Clustering and Fallback

MHLO can only support a subset of operators of TorchScript where tensors are immutable values. TorchBlade addresses such issues with a clustering and fallback mechanism:

  • Iteratively run the "conversion and lowering" passes to clean pythonic IR's and simplify the TorchScript graph closer to computations with SSA semantics
  • Collect the supported subset of nodes from the simplified TorchScript graph
  • Do clustering on the supported subset of nodes, with the consideration to avoid cyclic
  • Finally, merge the clustered subgraph and convert it to MHLO; All the left nodes will fallback to PyTorch/TorchScript runtime

IR Converters

To add a new converter from PyTorch to MHLO, please refer to "How To Add a New Torch Operator"

Runtime(RAL, Runtime Abstraction Layer)

The runtime of BladeDISC compiler, more details

Some Noteworthy Details

Relations Between aten::Tensor and MHLO Tensor

An aten::Tensor is a memory buffer with shapes that can be viewed and modified in place. However, MHLO Tensor is immutable. Any operations on MHLO Tensors will create new MHLO Tensors.

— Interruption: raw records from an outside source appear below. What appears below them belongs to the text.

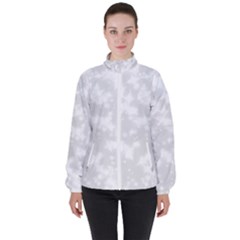 Rose White Women s High Neck Windbreaker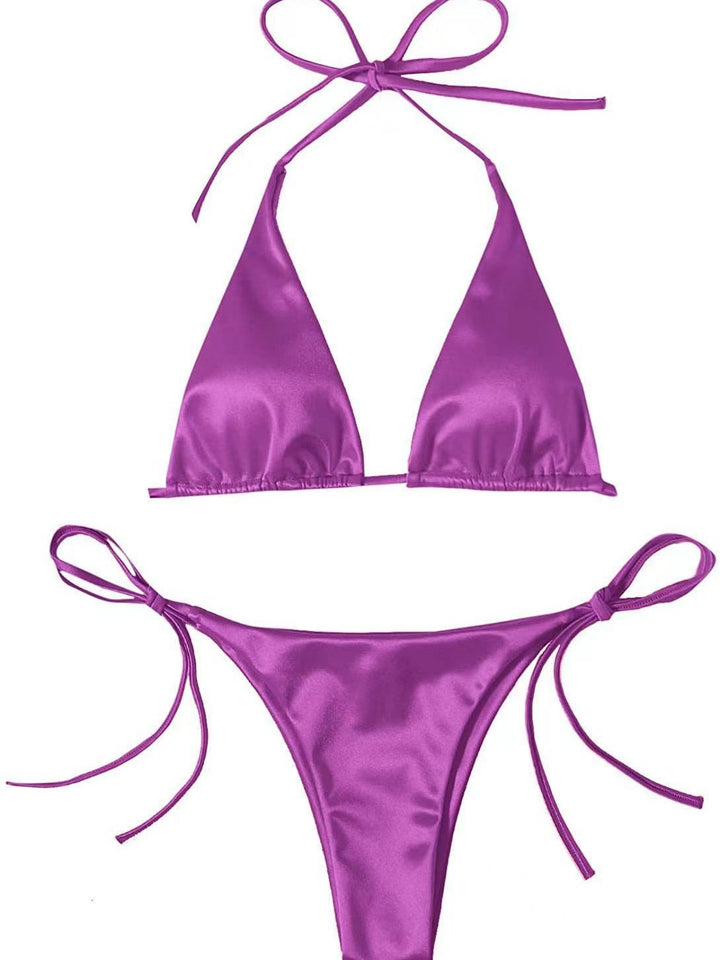 Dame Triangel-Bikini-sæt med justerbare stropper og elegant højt snit Stilla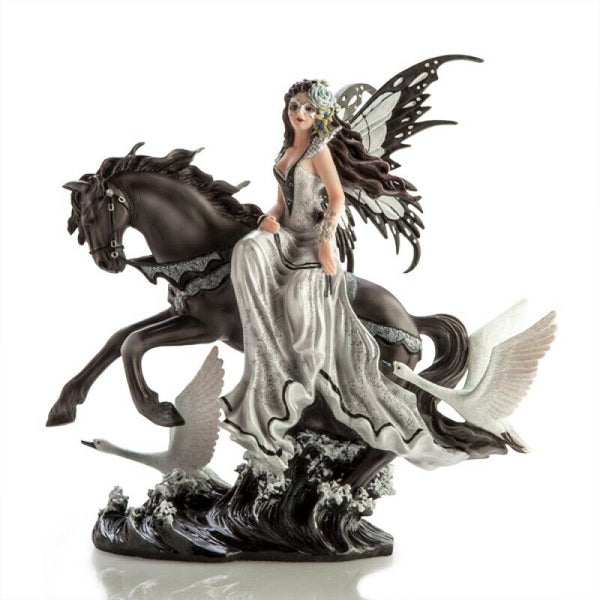 Lamentation of Swans Faery Fairy Figurine Statue by Nene Thomas
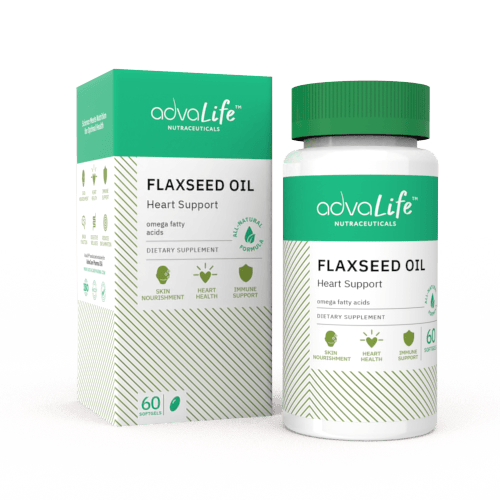Flaxseed Oil Capsules (1 box and 1 bottle)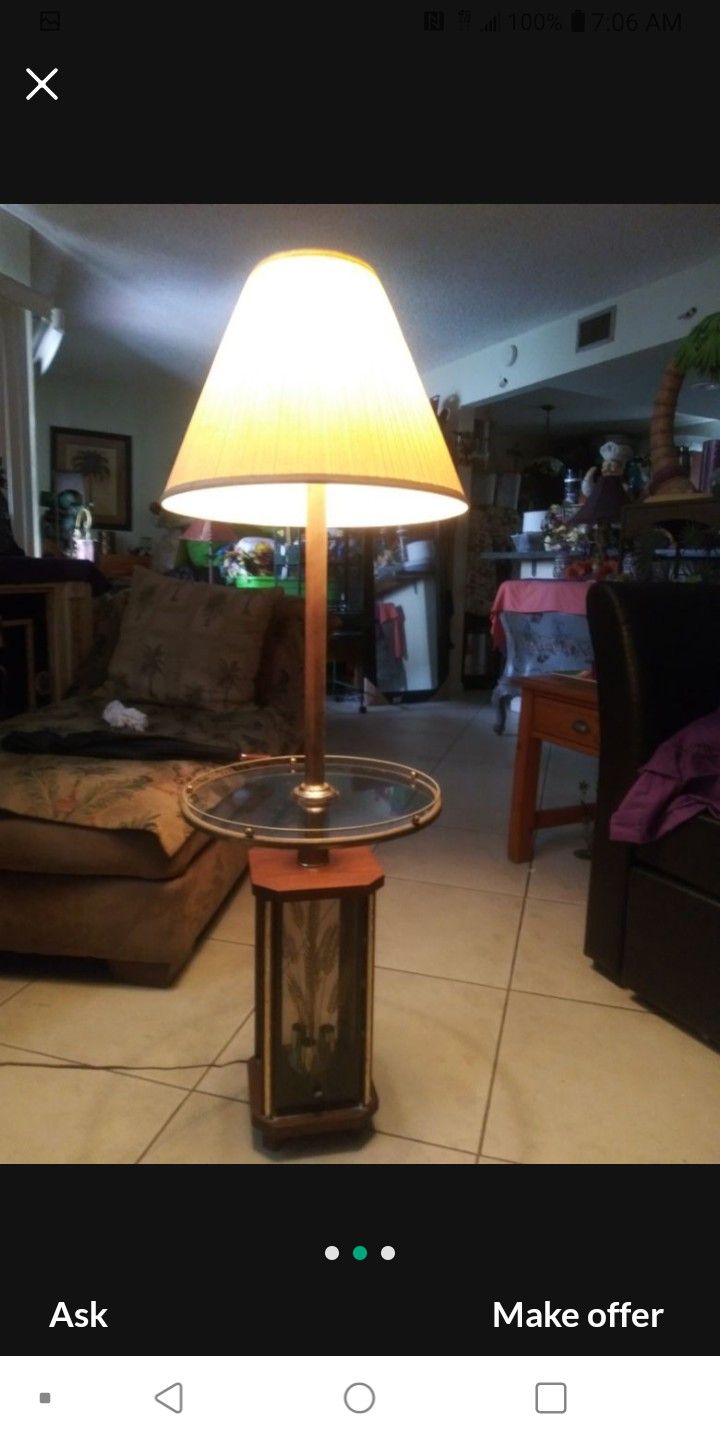 VINTAGE CANDALABRA LAMP
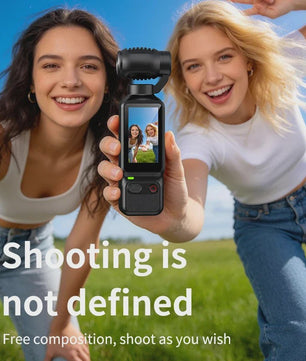 Compacte 4K Action Camera met 180° Roteerbare Lens - Ideaal voor Vlogs, YouTube & TikTok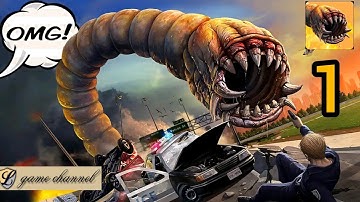 Death Worm - Alien Monster Gameplay Walkthrough Part 1 - Android Gameplay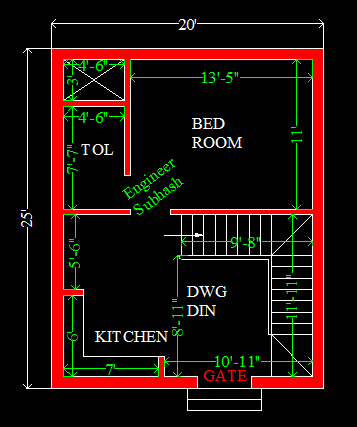 20 x 25 house plans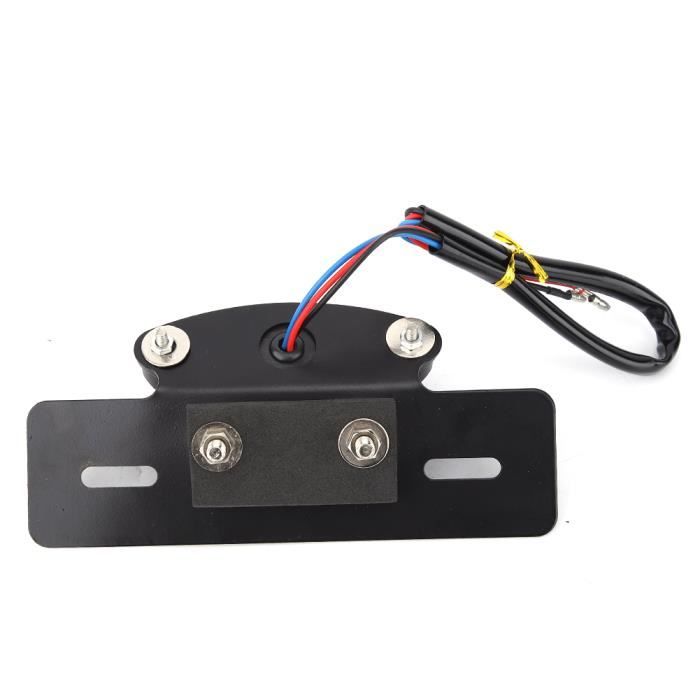 Feu Arrière Moto LED Universel Avec Éclairage Plaque Immatriculation - Feu Stop Ultra Lumineux, ABS Robuste, Sécurité Renforcée Pour Moto Custom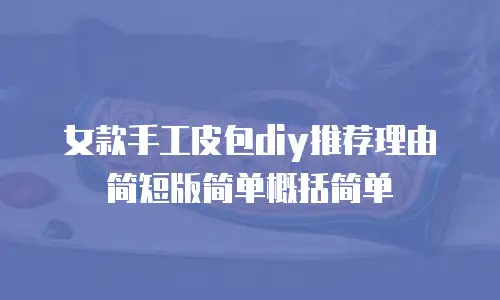 女款手工皮包diy推荐理由简短版简单概括简单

The memory buffer does not exist in the IR until the phrase lowers IR to LMHLO.

To enlarge the supported region in TorchScript graph, TorchBlade tries to eliminate memory-write operations as much as possible and only clusters those graph nodes that will not cause data hazards.

Relations Between Scalar and 0-Rank Tensor

  • A torch aten::Tensor can be viewed, reshaped, sliced, and modified. But a torch Scalar can't
  • A 0-rank Tensor in MHLO is equivalent to a Scalar, and they can be converted to each other. Scalar is preferred in TorchBlade, because it's semantic is more precise. And Scalars would be converted 0-rank Tensors if need
  • In TorchBlade, torch Scalar was converted to mlir standard dialect operator mlir::ConstantOp since Scalar is immutable

How TorchBlade Converts List[Scalar] and List[Tensor]

TorchBlade only converts List of Scalars and Tensors whose elements can be analyzed statically at conversion time for now. Once the elements are known, we will imitate the operations of List at conversion time, so there is no need to preserve List anymore. Otherwise, the List operations will be left unsupported and fall back to PyTorch runtime, so does Dict.